Our boss wants us to design our gui around a monolithic tree that will require queries from multiple sources to populate.

Our environment will be about 100 users pounding away, clicks on the tree nodes will require querying various tables the largest of which will be in the neighborhood of 1 million records. The users can add, change and delete the records which produce the tree nodes.

His position is that it is 'easier for the user' to navigate to the information they are interested in.

Our position is that in a multi-user environment we should minimize the data on the client at any given time due to network traffic and synchronization and data validity issues. We would like to filter off the top levels of the tree.

Please help us gather convincing arguments why this not a good idea.
Pressured Designers Send private email
Friday, May 25, 2007
 
 
1.  If done right, this could be a very clever way to give users insight into a lot of data.

2.  100 users is not a lot.

3.  A million records is not a lot.

4.  You've given no data for how 'up to date' the tree must remain.  Synchronization issues (race conditions, etc) could slow performance dramatically.

5.  Is it possible for the tree to have links from 'leaf' nodes to 'root' nodes?  If so, you can have recursive links, which would be VERY difficult to debug.
AllanL5
Friday, May 25, 2007
 
 
+1 AllanL5

Representing using a tree is a very good idea from the users point of view.  Most of the information in world of business is heirarchial.

I use trees to represent customers, suppliers, items, addresses, contacts, sub accounts etc containing tens of millions of nodes with 100s of users in my accounting software.  No problem for me because I have written my own (non-sql) database engine that can perform complicated queries on hundreds of millions of records in a jiffy.

For synchronization you can add a refresh button that will update the tree only when it is clicked not every time the data changes.  For example when a customer is created it is not immediately added to the tree.  The user has to click the refresh button to repopulate the tree.

You can also populate branches or folders only when they are opened, though I don't have to do this.
Donald Duck
Friday, May 25, 2007
 
 
One word of caution: Don't populate the entire tree at once. You only need 2 levels at a time. The current level and the one below (to be able to know if you need the +/- tree expand/collapse.). If you're smart about it, you can even design your own tree that only populates nodes as they become visible.

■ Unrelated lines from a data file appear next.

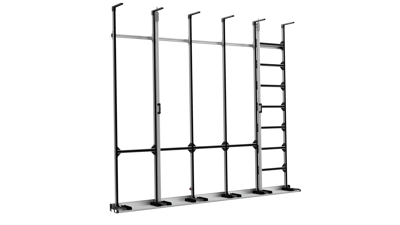 LV - DAILY L4H3 17,2 M³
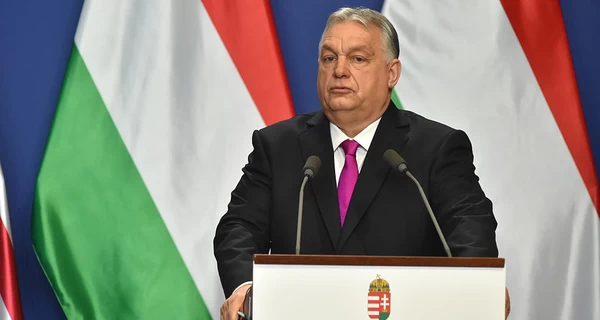 В Угорщині розповіли, чому затримали українських інкасаторів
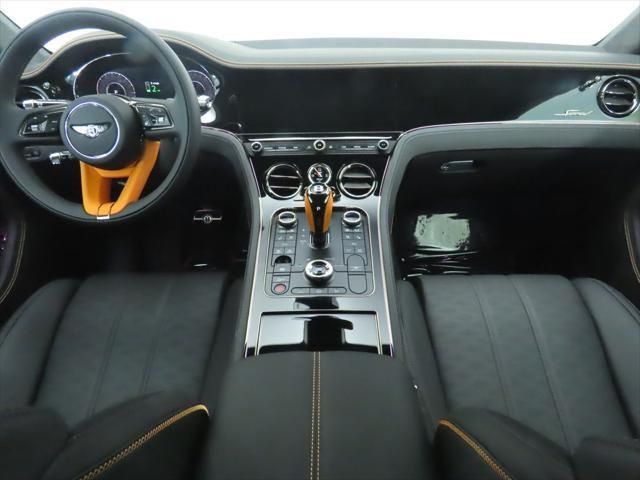 Thumbnail: 2026 Bentley Continental - 13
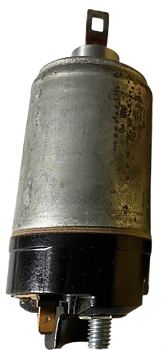 Soleniod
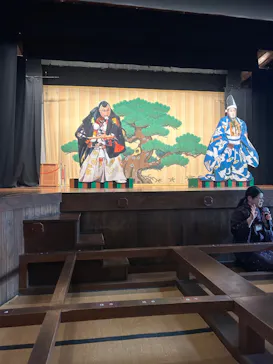 博物館 明治村に投稿された画像（2024/12/1）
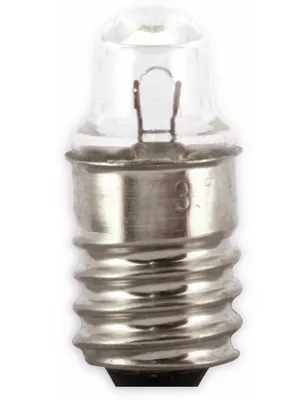 Produktbild von Taschenlampen-Spitzlinse, 1,55 W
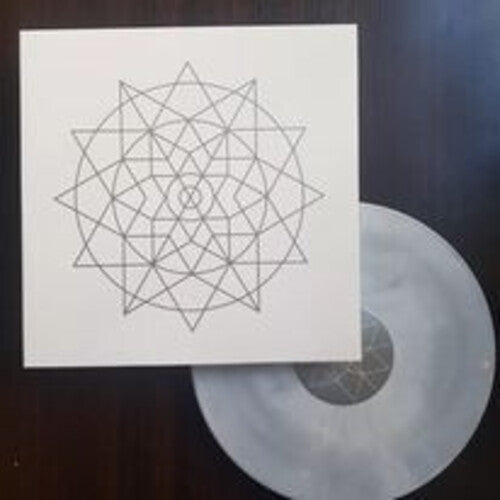 Coalesce: Ox (Custom Merge with Splatter) - VINYL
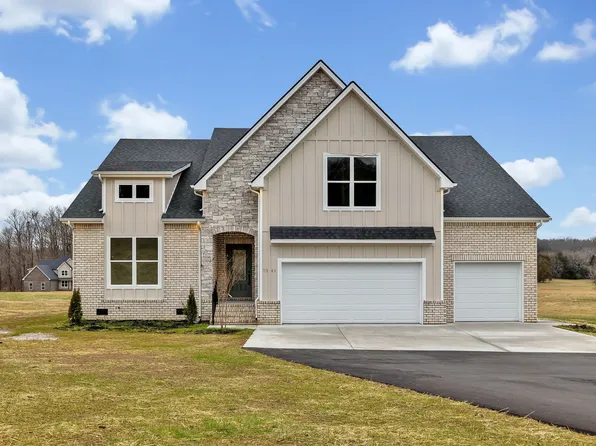 7341 N Milton Rd, Milton, TN 37118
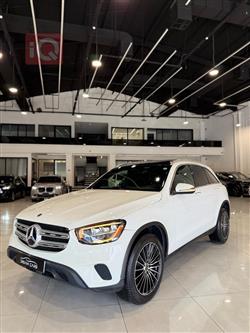 2020 مرسيدس بنز GLC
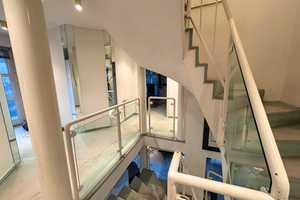 Reserviert ! Elegantes Wohnhaus mit Einliegerwohnung und stilvollem Garten in Petersfehn – Ammerland (Kreis) – Vorschaubild 8
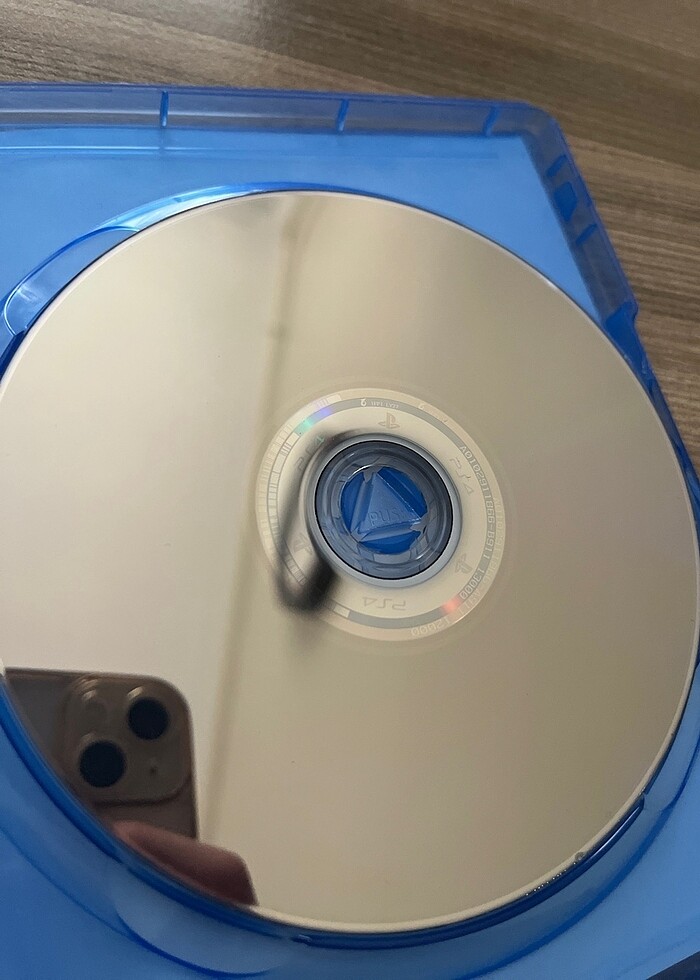 FİFA18 PS4 - Görsel 4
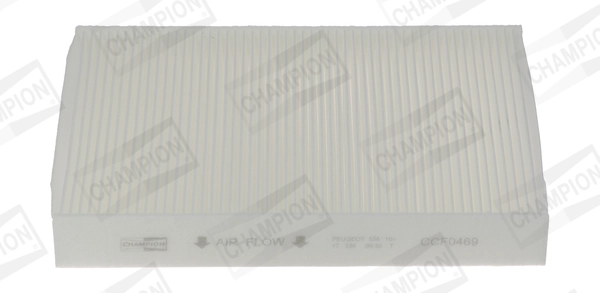 Filtr kabiny Peugeot 508 I sedana (8D) (2010 - 2018) cena, od 14,41 USD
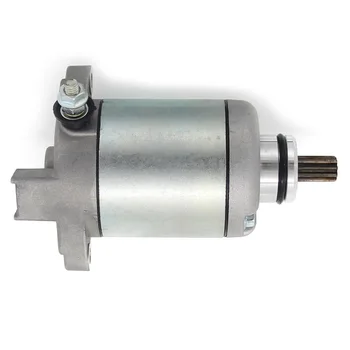 

Engine Electric Starter Motor For Piaggio PiaggioMP3 carburador Skipper ST 4T Super Hexagon GTX Vespa Granturismo Carburador LXV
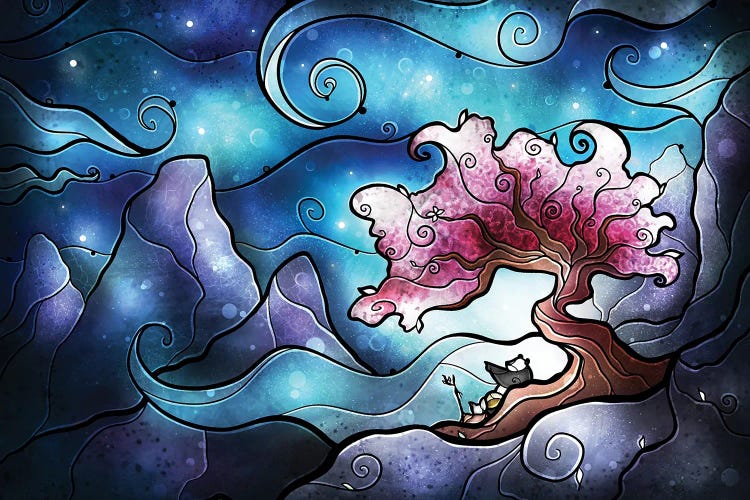 You Must Believe by Mandie Manzano wall art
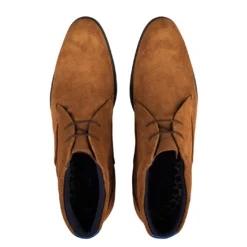 Ted Baker Ted Chmns Dsrt Boot Sn99 for Men's Boots Colour Dark Tan -Ted Baker shop online 12260869 xxl a4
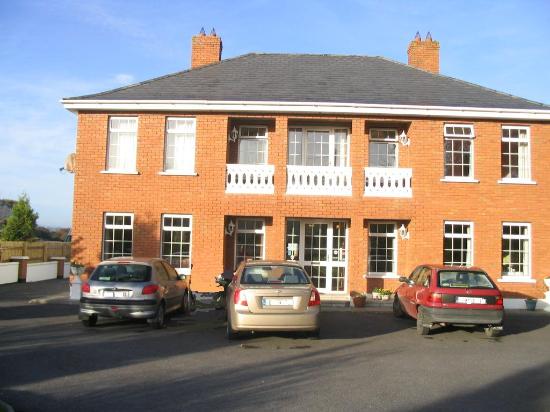 Falshea House B&B-客卧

Think about it. If the tree could potentially hold hundreds of thousands or millions of nodes, you'd be wasting a lot of time processing those million nodes that the user may not even use.

Go for the lazy approach. Only populate tree nodes as you need them.
Sgt.Sausage
Friday, May 25, 2007
 
 
To add to what Sgt Sausage said, you don't even need to have all the children of a node. For most stock trees, all you need is one child so that you can get the child indicator and then refresh the child list on open. I've used Count(Children) as the child node simply because I was already retrieving the count of children to show in the parent node.
Ron Porter Send private email
Friday, May 25, 2007
 
 
Sorry, OP. By using the lazy load approach, there's no compelling barrier to the tree design.
Mike Stockdale Send private email
Friday, May 25, 2007
 
 
Sorry, if I was unclear.

Our concern is not dynamic loading of the tree, it is that the  data that makes up the tree is constantly being updated by other users on the system. Because of this we are concerned with the network and server load in trying to keep the expanded, already loaded and visible nodes synchronized with the constantly updated tree node information on the server. Our strategy was to try and limit the amount of data on the client that has to be kept in sync to the smallest set  necessary to perform the current task. The servers in our situation are single machines also running a number of applications other than ours.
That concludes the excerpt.